Michał Koszarek - tuczarnia przynosi mu zyski [ZDJĘCIA]
Lepsza wydajność i większe przyrosty importowanego warchlaka
Początkowo hodowca kupował prosiaki polskie. „Duńczyk” go jednak przekonał lepszą wydajnością, większym przyrostem paszy i... niższą ceną. Wyjaśnia, iż są często przypadki, gdy prosię z polskiej fermy jest droższe, niż sprowadzane.
- Mam kolegę, który ma ponad tysiąc loch i od niego brałem materiał hodowlany. Niestety nie dogadaliśmy się cenowo, bo za dużo chciał. Ostatnio cena była porównywalna z warchlakiem importowanym. Jest to naprawdę dziwne, bo przecież pośrednik duński musi pokryć koszty transportu, to jest około 15-16 zł na sztuce i pobrać prowizję, czyli 5-10 zł. Gdy był kryzys z prosiakiem w Danii, polscy producenci prosiąt doili równo - stwierdza Michał Koszarek.
Czytaj także: Żywienie płynne świń - żywienie na mokro. Warto?
Cena warchlaka zależna od ceny żywca wieprzowego
Obecnie za jednego importowanego warchlaka o wadze 30 kg płaci około 260 zł netto. Cena ta jest ściśle powiązana ze stawką proponowaną za tucznika. - Jeśli idzie w górę cena tucznika, automatycznie Dania podnosi cenę warchlaka. Nie dadzą nam za dużo zarobić - komentuje hodowca z Sędziwojewa.
Odbiorcę towaru rolnik ma od wielu lat stałego. Jest to firma Jutar z Łagiewnik Kościelnych koło Gniezna. - Co prawda fakturowanie sprzedaży idzie przez grupę producentów, do której należę, ale ceny wynegocjowałem z nimi osobiście już jakiś czas temu i jestem zadowolony. Nasza grupa akurat nie współpracuje z tym zakładem, ja jednak nie chciałem rezygnować ze współpracy z nim i pozostałem jego dostawcą - opowiada Michał Koszarek. Jakie więc korzyści upatruje w przynależności do grupy producenckiej?
- Za niższą cenę mogę kupić koncentrat i w dużych partiach zboże. Przywożą do mnie całymi samochodami towar, który jakościowo jest dobry. Bo kupując od rolników z wolnej ręki, tzw. przyczepkowiczów, można dostać różny materiał. Czasami jest zagrzybiony, są np. mykotoksyny.
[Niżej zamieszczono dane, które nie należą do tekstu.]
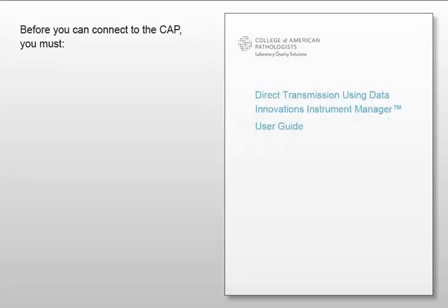There are a few basic steps you must complete before you can connect the Instrument Manager to the CAP. These steps are explained in detail in the User Guide, but let's review them quickly here.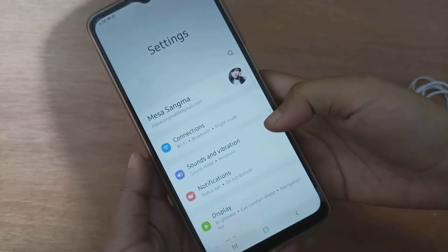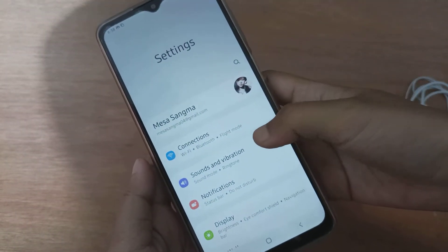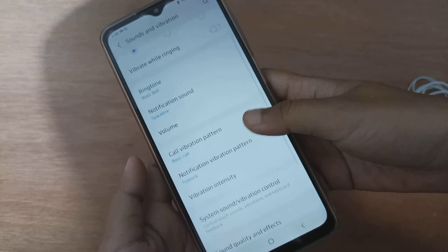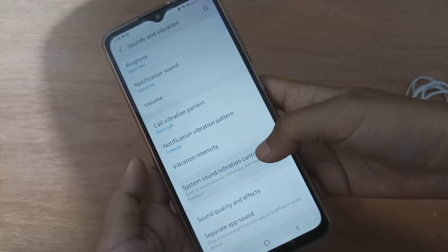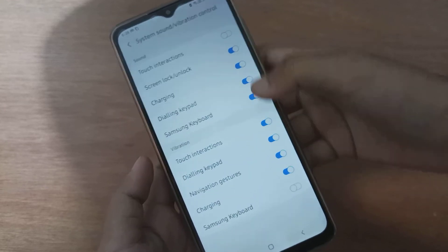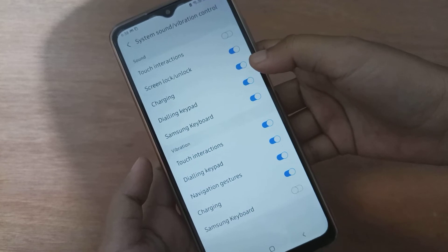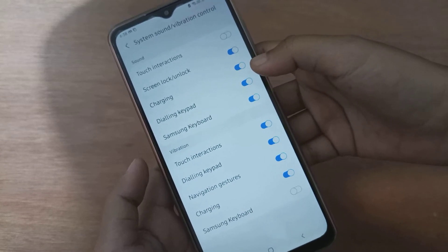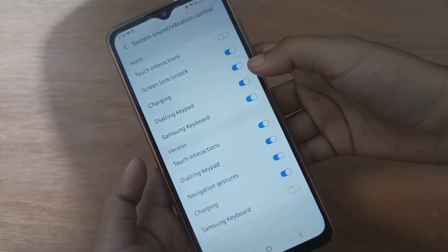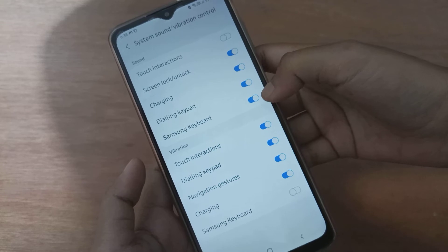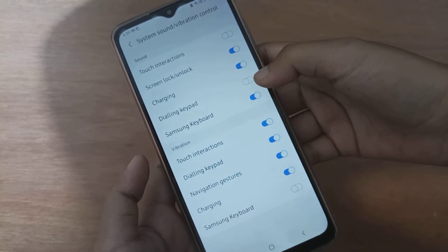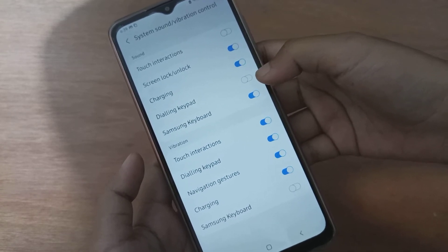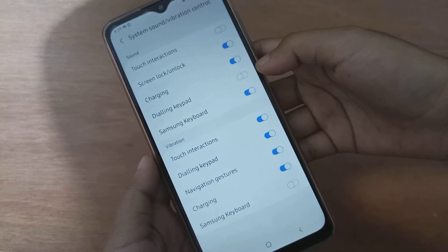First, go to Settings. After that, click on Sounds and Vibration, then scroll down to System Sound or Vibration Control. Here you'll find the Dialing Keypad option. If you want to disable the dialing keypad sound, just click on this icon and the dialing keypad sound on your device will be disabled.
Poza tym, dzięki grupie mam dostęp do szkoleń - tłumaczy.
Konieczny nowy duży magazyn zbożowy
Nic w tym dziwnego, że rolnik z Sędziwojewa zwraca uwagę na stan zboża, które kupuje. W końcu co roku nabywa go 400 - 500 ton. - Mamy stałych dostawców, większych rolników uprawiających na 40-50 ha. Do tej pory współpracowaliśmy także ze Spółdzielnią Rolniczą w Grzybowie, ale przeszli na zboże konsumpcyjne i rzepak. Z „paszówki” zrezygnowali, dlatego musimy poszukać nowego dostawcy, ale poradzimy sobie z tym - zdradza Michał Koszarek.
Aby przechować takie ilości materiału, trzeba mieć odpowiednio duże pomieszczenia. Dlatego rolnik zdecydował się na budowę z własnych funduszy nowego magazynu z mieszalnią pasz. - Uznałem, że budynki, które mam, są niewystarczające i dlatego po drugiej stronie drogi buduję obiekt. Brakuje magazynu zbożowego. Silosy są o pojemności około 400 ton, to za mało. Gdy zboże jest tańsze i można byłoby je kupić, nie ma gdzie później go magazynować. A po drugie, wielu rolników nie inwestuje w magazyny, dlatego są zmuszeni materiał sprzedać po żniwach - mówi. Obiekt o powierzchni 600 m2 ma być gotowy na wiosnę.